Agrarian reform has disempowered today's farmer
- From: Sally Galloway <sallynt@xxxxxxxxx>
- Date: Fri, 17 Mar 2006 05:37:20 +0200
Talking about today's farmer, today's farmer is a peasant with no agricultural training or ability to finance anything except, perhaps, a small plot of weedy corn. He/she is a subsistence farmer with no idea of what it means to produce the large volumes required to feed a nation. ZanuPF say the land has been returned to the indigenous people. That's a nother one of their lies. These settlers have no ownership whatsoever. zanuPF have nationalised all farmland.
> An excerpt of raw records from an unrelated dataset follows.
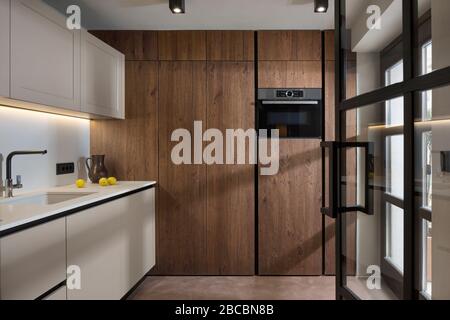 Kleine, maßgeschneiderte Küche aus Holz in netural-Farben. Stockfoto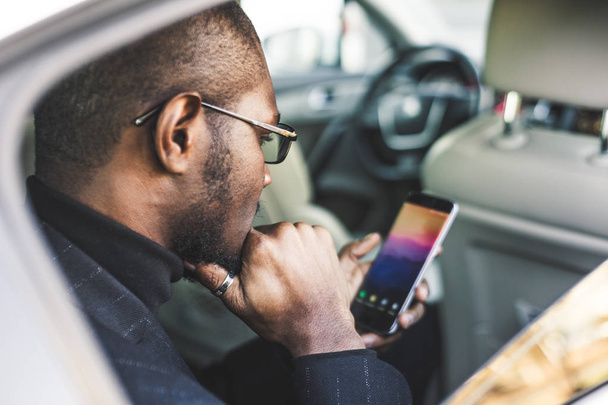 Young successful businessman talking on the phone sitting in the backseat of a expensive car. Negotiations and business meetings. - Foto, imagen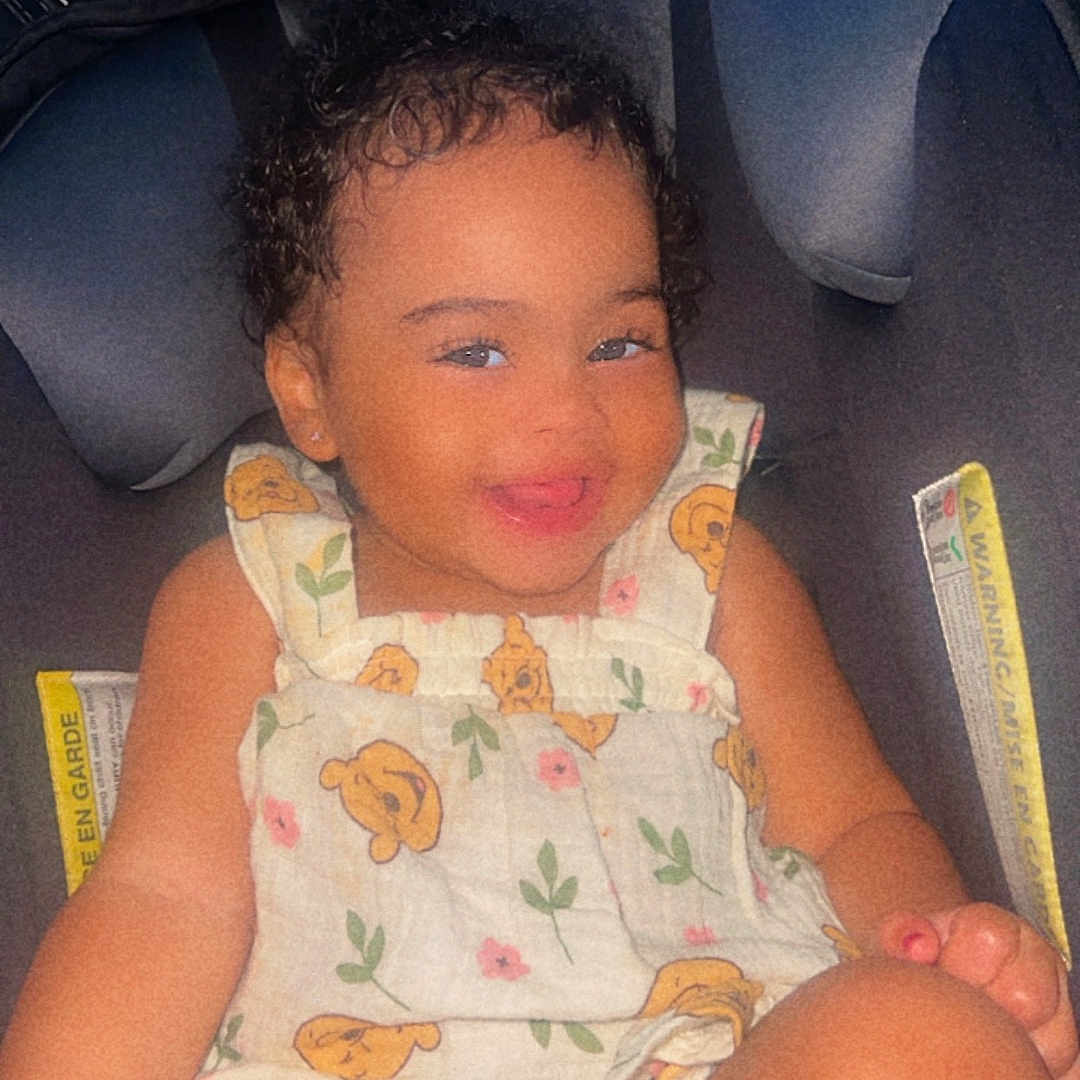 Jhlani Dockins joined the competition — help win amazing prizes! baby, bear_pattern, car_seat, child, clothing, curly_hair, cute, face, flower_pattern, happy, head, indoors, person, portrait, romper, seatbelt, sitting, skin, smile, toddler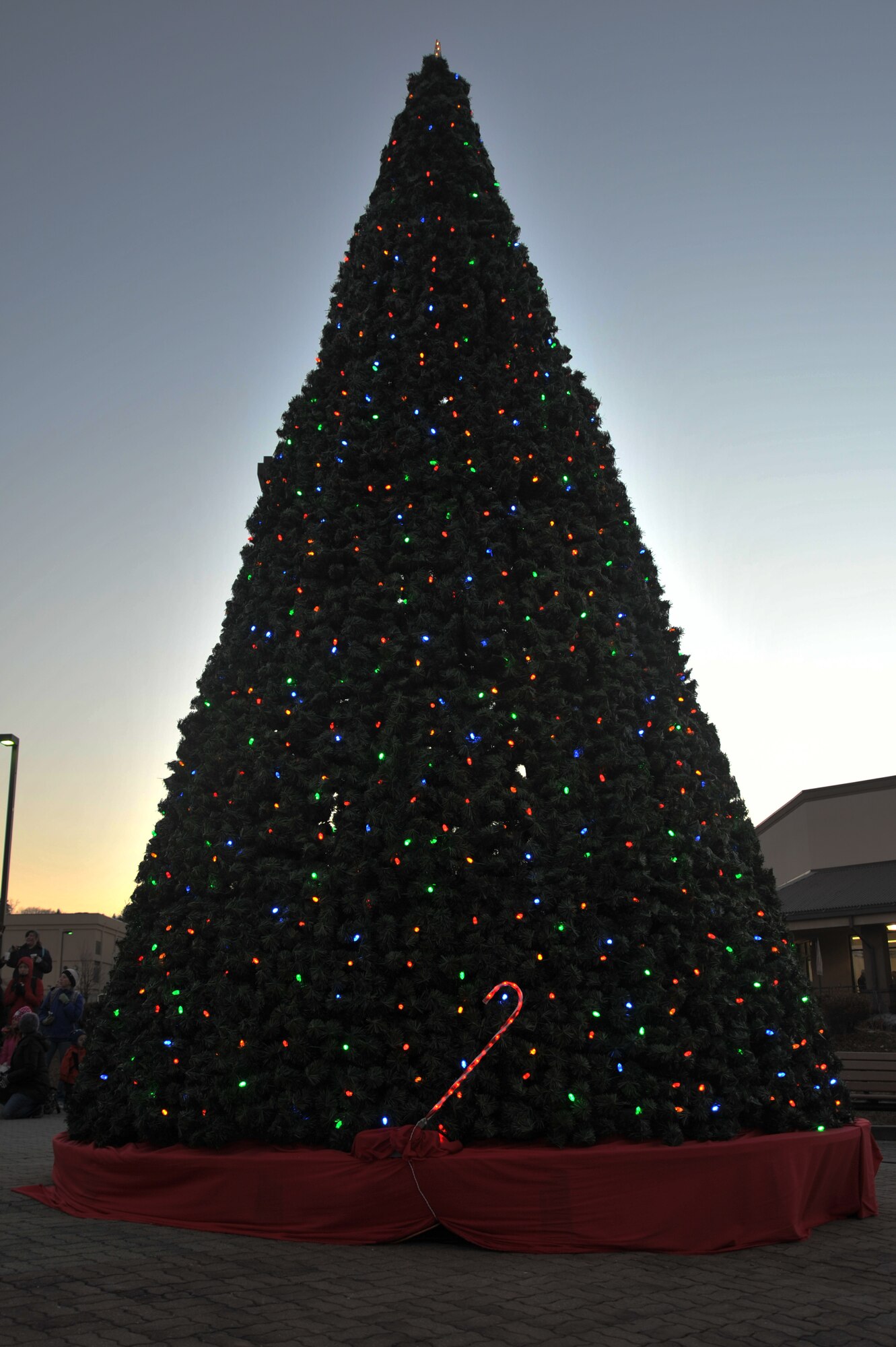 The base holiday tree is lit during the annual tree lighting ceremony at Osan Air Base, Republic of Korea, Nov. 26, 2012. This year’s events included an appearance from Santa Claus, music performances by the Osan American Elementary School students, and free hot chocolate and cookies. (U.S. Air Force photo/Staff Sgt. Craig Cisek)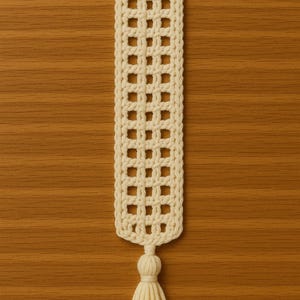 Puede incluir: Marcapáginas de ganchillo hecho a mano de color crema, con un patrón de rejilla y una borla. El marcapáginas rectangular presenta una serie de cuadrados abiertos, creando un efecto de enrejado. La borla está unida en la parte inferior.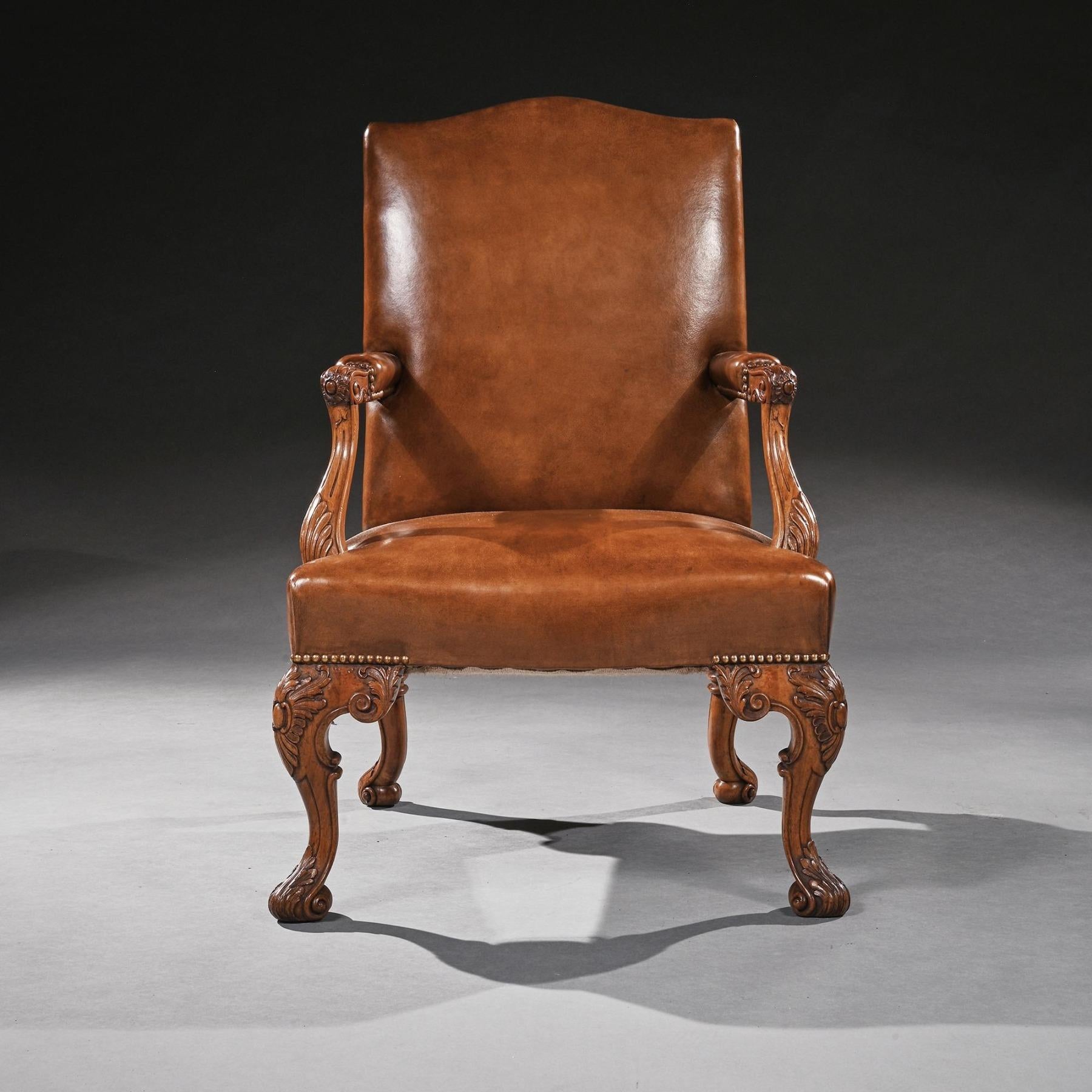 A well drawn early 20th Century walnut Gainsborough type leather upholstered desk - armchair on cabriole legs in the 18th Century manner.



English circa 1910.



The arched and stuffed back recently upholstered in a hand dyed leather above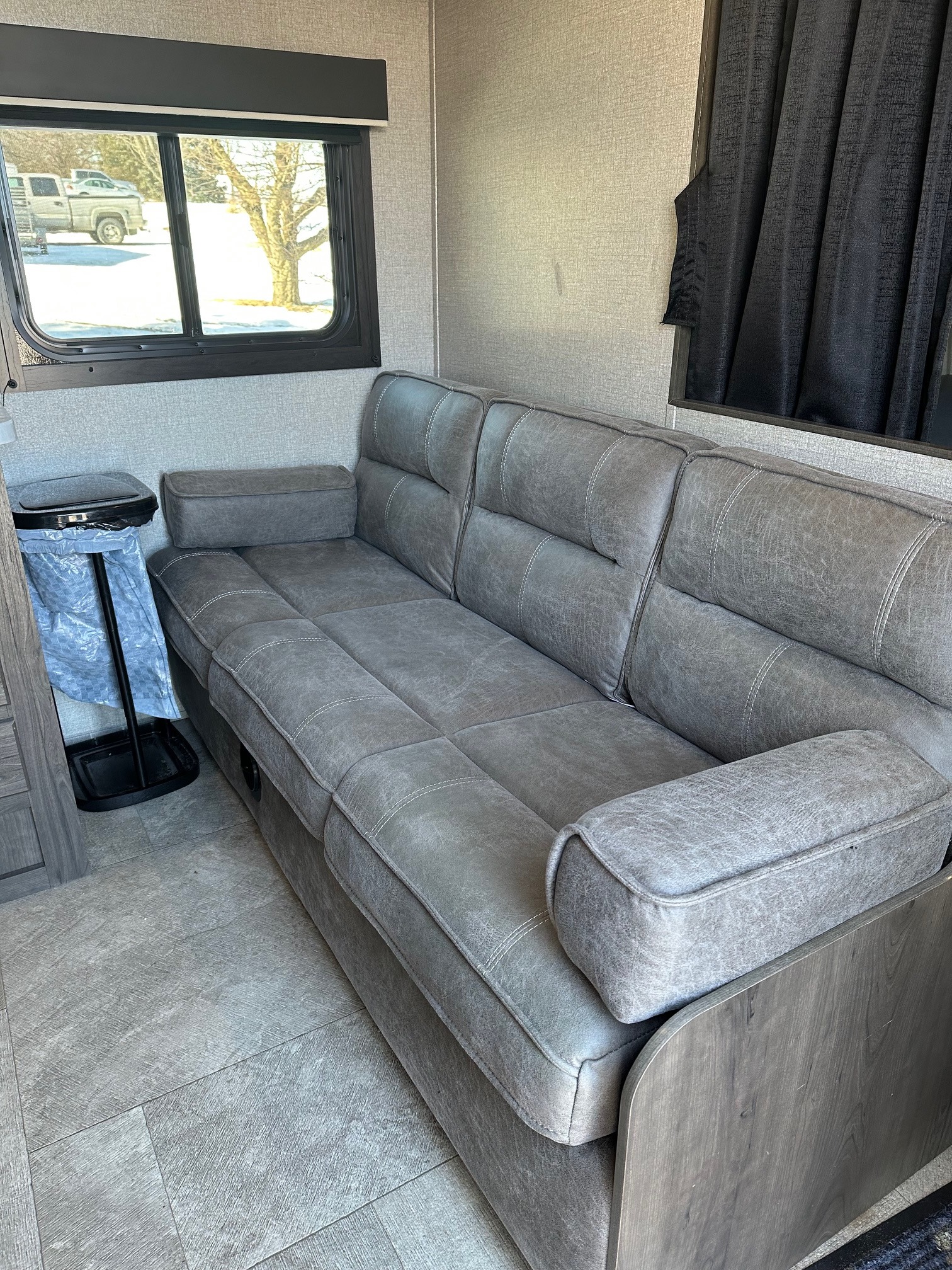 Modern RV rental: a spacious interior with a long, comfy gray sofa & a beautiful snowy winter view from the window.. Jayco Jay Flight SLX 2020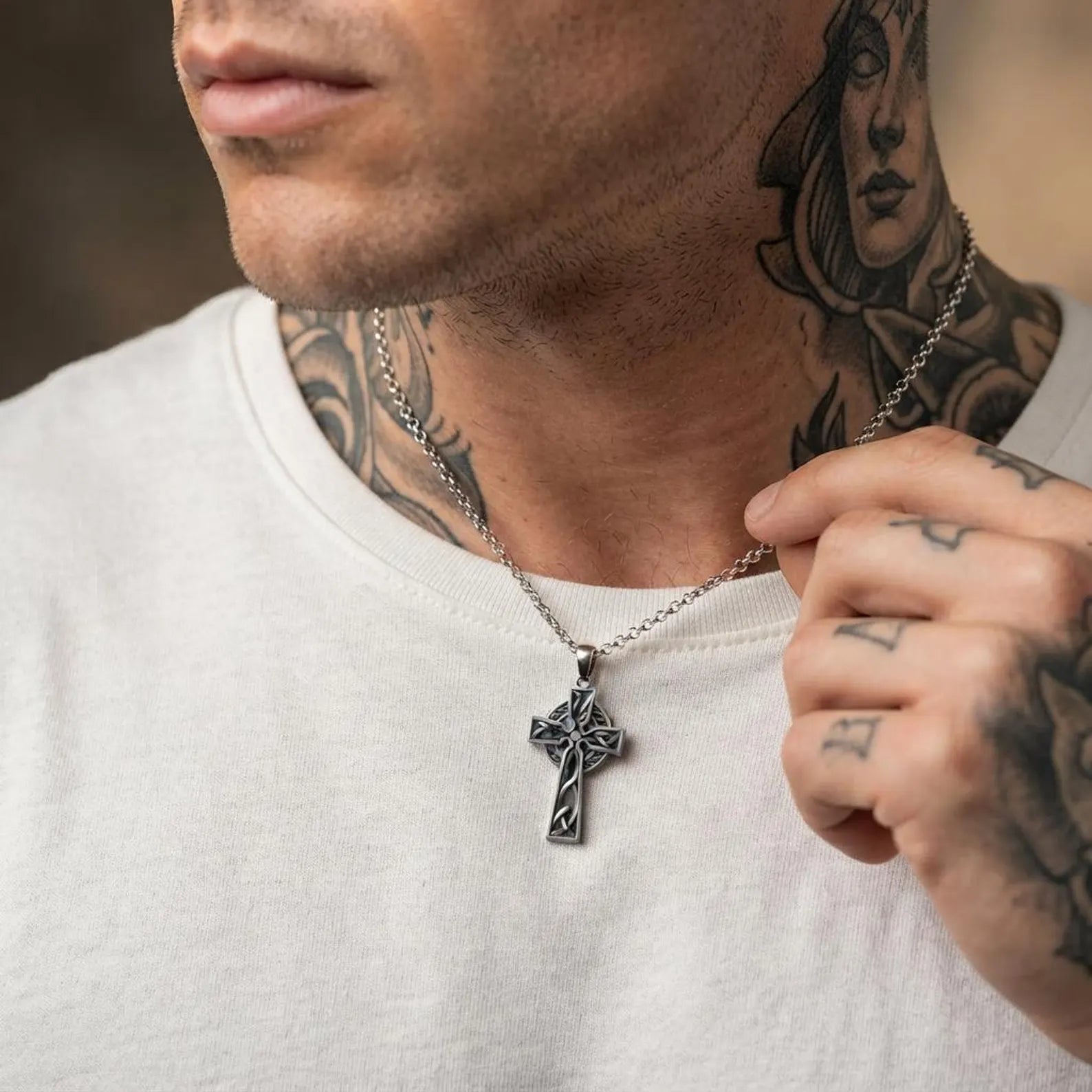 Men's sterling silver Celtic Cross Pendant Necklace showcasing handcrafted Celtic knot details, traditional Christian design, and premium artisan silver craftsmanship.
What's worse is that thousands of these settlers have been booted off their plots to make way for zanuPF heavyweighs who have taken over massive tracks of land in this uncontrolled free-for-all zanupf land grab. The truth is that there is absolutely no security of tenure.
zanuPF have destroyed the intrinsic value of land. Land no longer has any value as it cannot be offered as sucurity for seasonal finance or term loans with banks and other lenders. These new farmers rely entirely on the regimes handouts. Many promises of land preparartion, seed, fertiliser and chemicals have been made but very little has been delivered. That's why 90% of zimbabwe's farmland is reverting to bush, What's worse is that zanupf's supporteres have destroyed the original infrastructure. They thought they wer clever destroyong irrigation pipes, cutting fences, smashing pumps etc. So now the new occupiers have nothing to get going with. Thanks to zanupf, agriculture is dead and starvation is now a reality. This is EXACTLY what zanuPF wants. Starvation means that the population relies entirely on their patronage. What is even better is that it is being financed by the West in the form of food AID. ZanuPF controls the food distribution and the west finances it. So whichever way you look at it, the west is helping to prop up zanuPF.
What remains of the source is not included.